Texas Tribune's Voters Guide »
Election Day Nov. 6
ALTA Asks Bureau to Use Sandbox to Test Disclosure of Title Fees
ALTA | Oct. 18, 2018
ALTA has requested that the Bureau of Consumer Financial Protection allow lenders and title companies to test the disclosure of title insurance fees to consumers under its TILA-RESPA Integrated Mortgage Disclosure rule (TRID) under the bureau’s Trial Disclosure Program.
The Bureau’s new Office of Innovation proposed a Disclosure Sandbox through revisions to its existing policy to encourage trial disclosure programs. The Policy to Encourage Trial Disclosure Programs was established in 2013, but the bureau has not approved any trial disclosures. The Disclosure Sandbox carries out the bureau's authority under Section 1032(e), which allows it to deem a covered person conducting a trial disclosure program to follow or exempt from a requirement of a bureau rule or certain federal laws.

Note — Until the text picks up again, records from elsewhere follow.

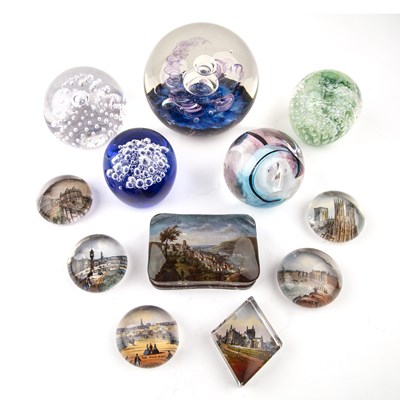 Lot 282 - A collection of glass paperweights to include:...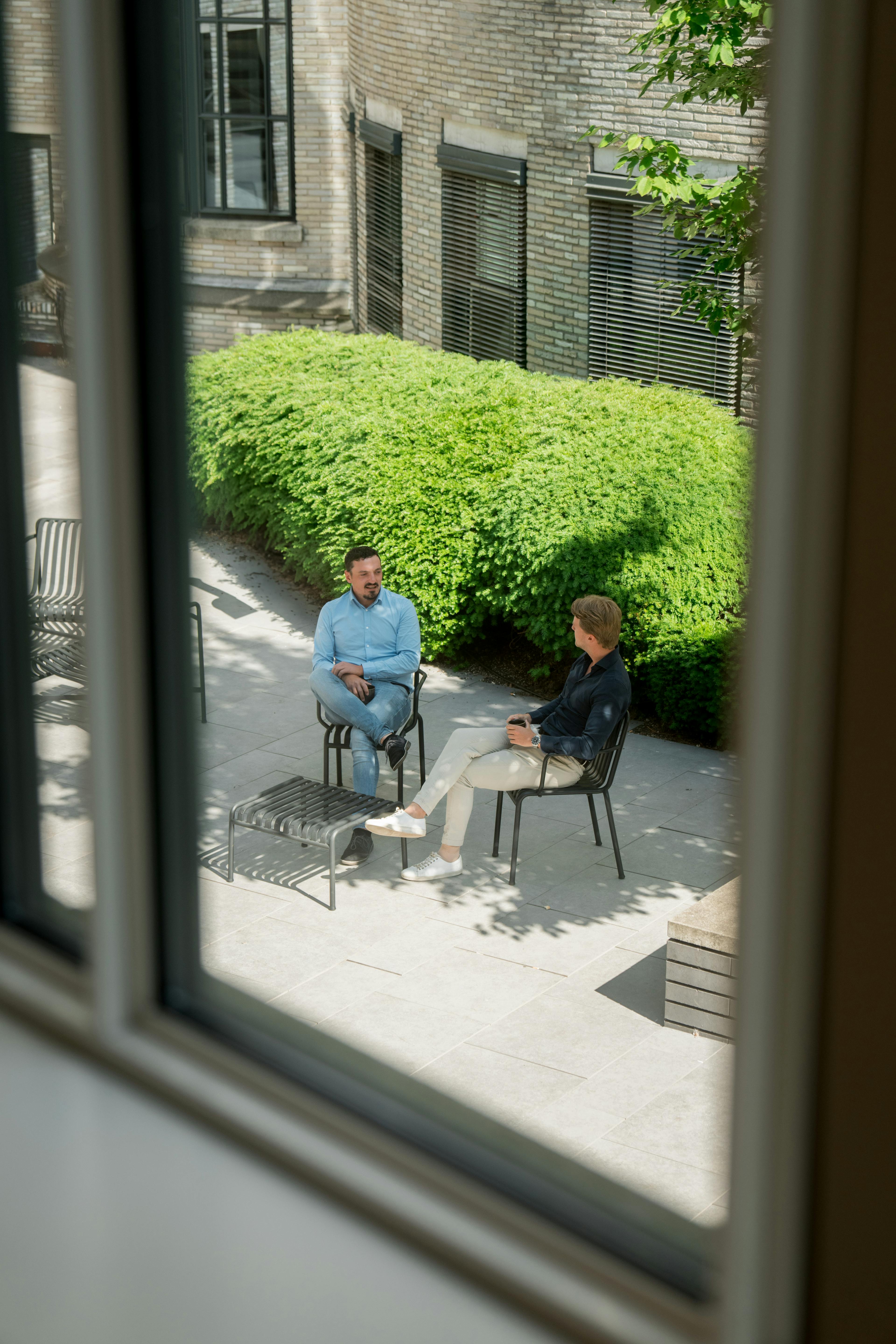Collega's in gesprek in de binnentuin van het kantoor.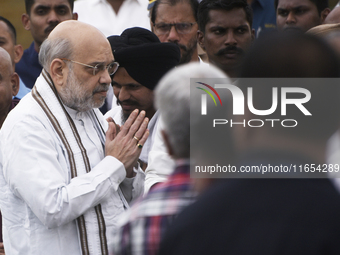 India's Home Minister Amit Shah arrives to pay tribute to the mortal remains of Indian industrialist Ratan Tata at the National Centre for t...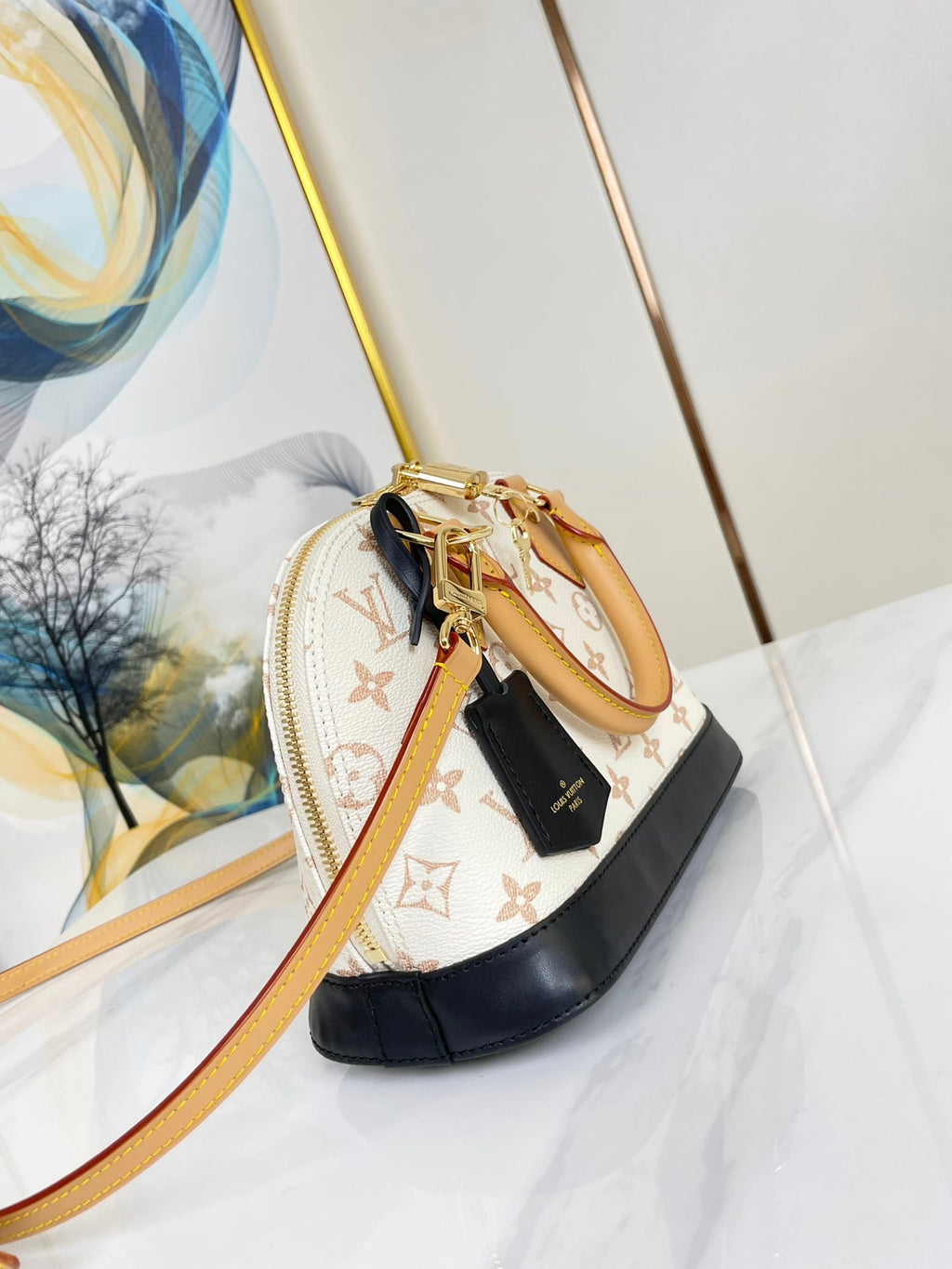 ALMA BB 25 IN WEISS MONOGRAMM DUNE LEINWAND GOLDENE HARDWARE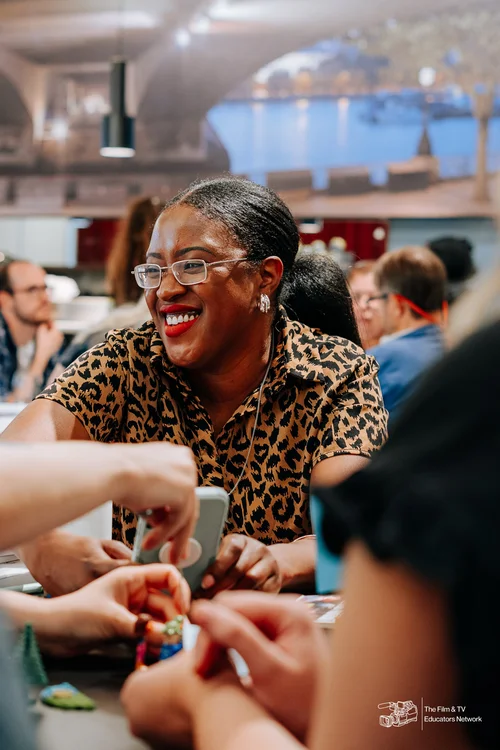Smiling educator taking part in a workshop activity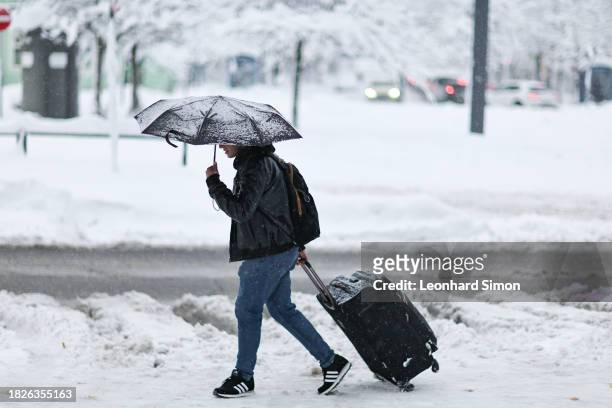 Man is crosses the street with a suitcase close to the train station of Moosach following a heavy snowfall on December 02, 2023 in Munich, Germany. A...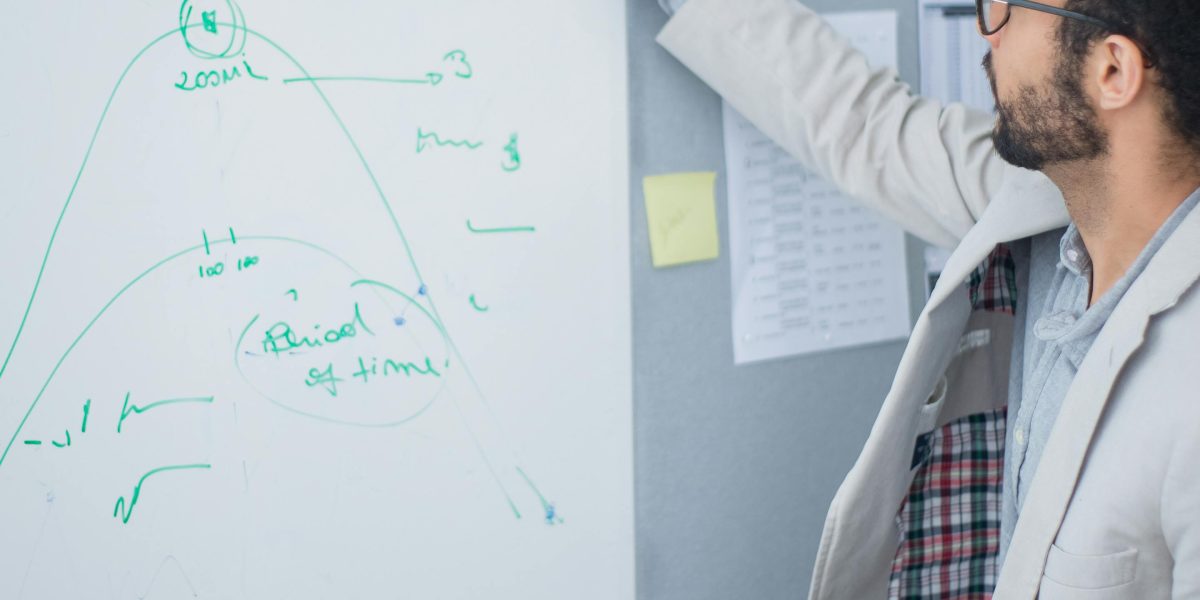 A professional outlining strategies on a whiteboard, emphasizing proactive planning for error prevention.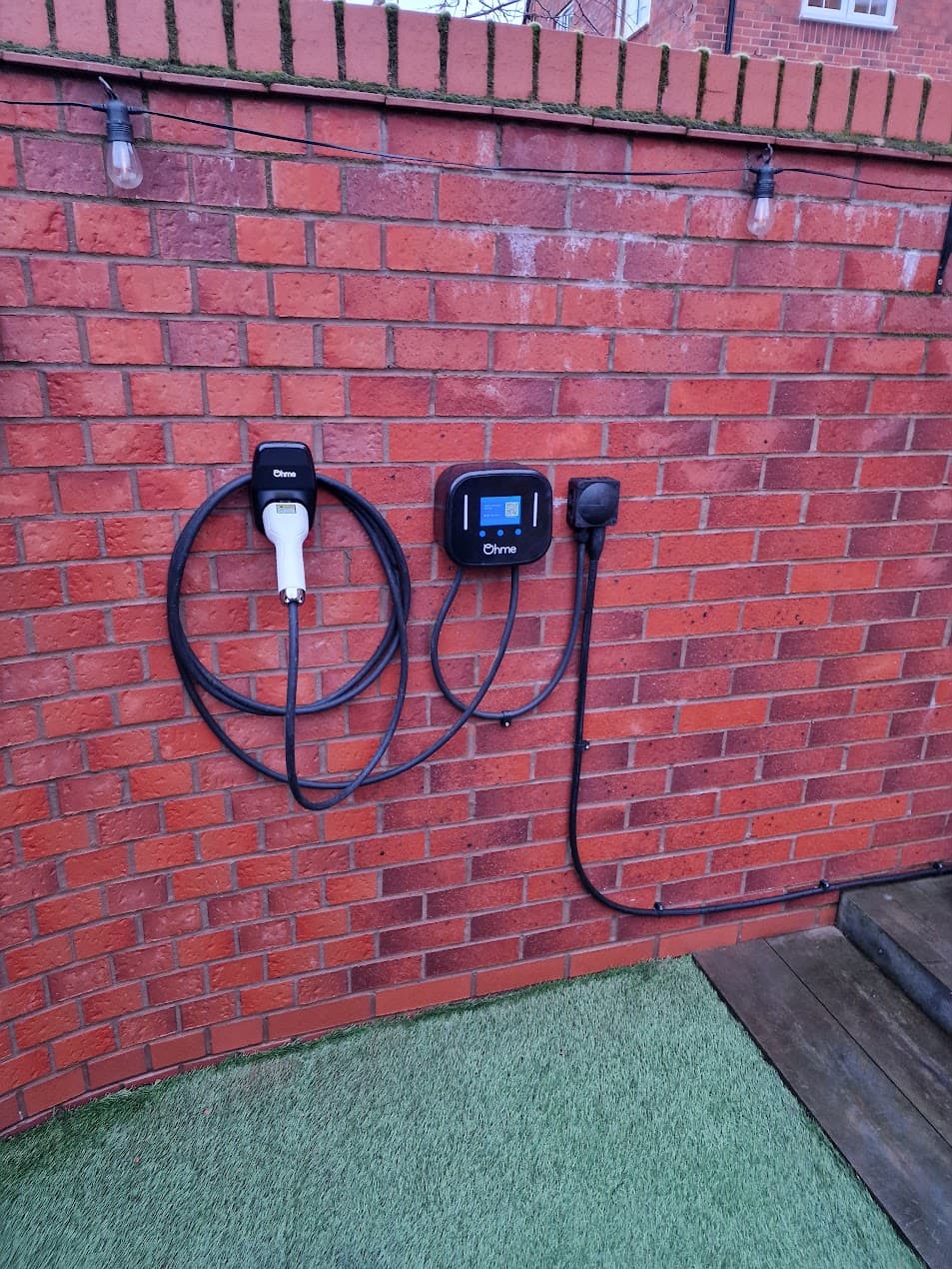 Ohme Home Pro installed on brick wall with tethered lead and holster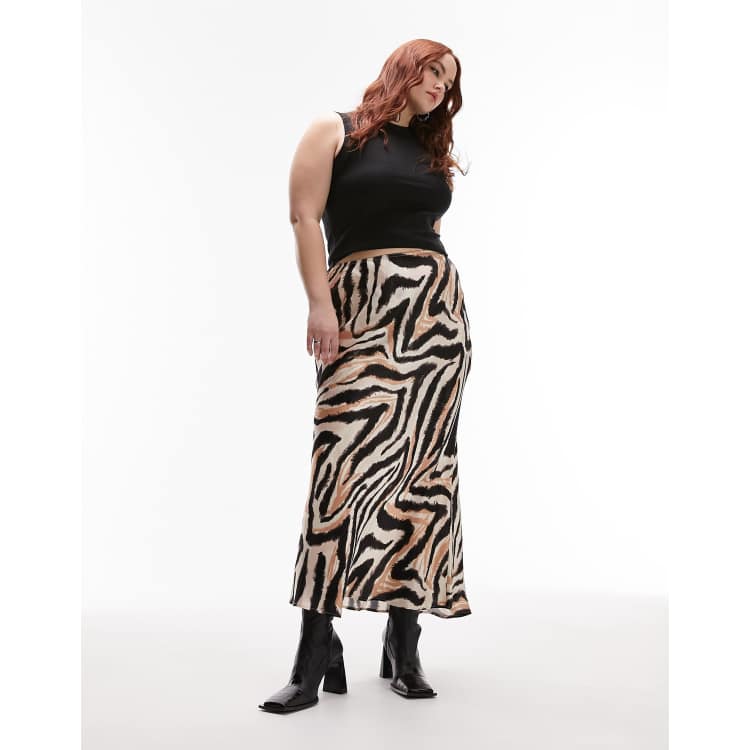 Best high street Maxi skirts. Topshop curve leopard print slinky satin maxi skirt. High rise, Elasticated waist, Bias cut and Regular fit. 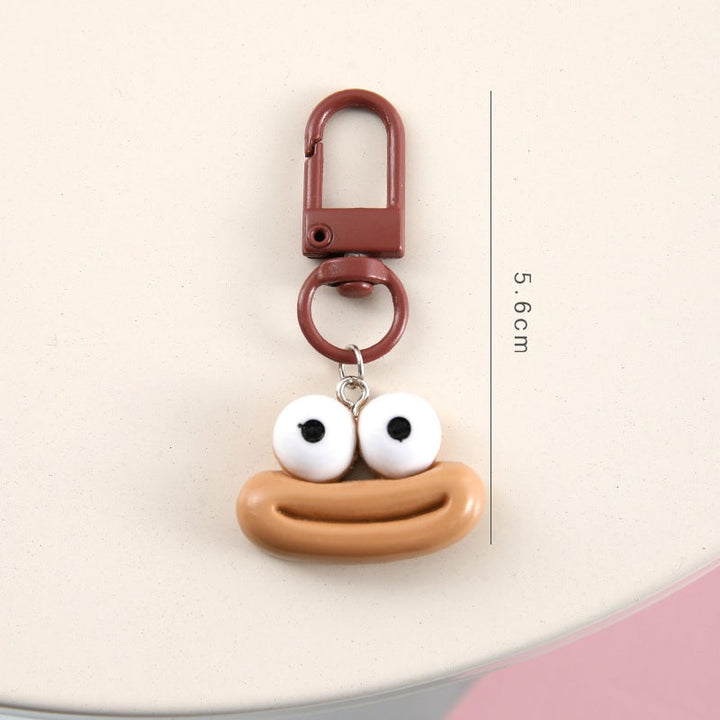 Close-up of a blue cartoon face keychain, showcasing its detailed, charming expression.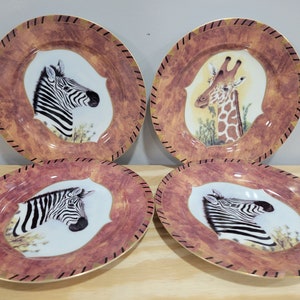 May include: Set of four ceramic dinner plates with a brown and gold rim. Each plate features a different animal: a zebra, a giraffe, a zebra, and a zebra. The animals are depicted in a realistic style against a white background.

A Disclosure Sandbox may offer ALTA and its members the ability to test TRID disclosures that provide consumers accurate title insurance charges in actual transactions and provide the bureau the rationale for a permanent fix to TRID’s title insurance disclosures. The Disclosure Sandbox clarifies that applications may be submitted by a group, such as a trade association, on behalf of its members, and may propose a scaled or iterative approach to testing.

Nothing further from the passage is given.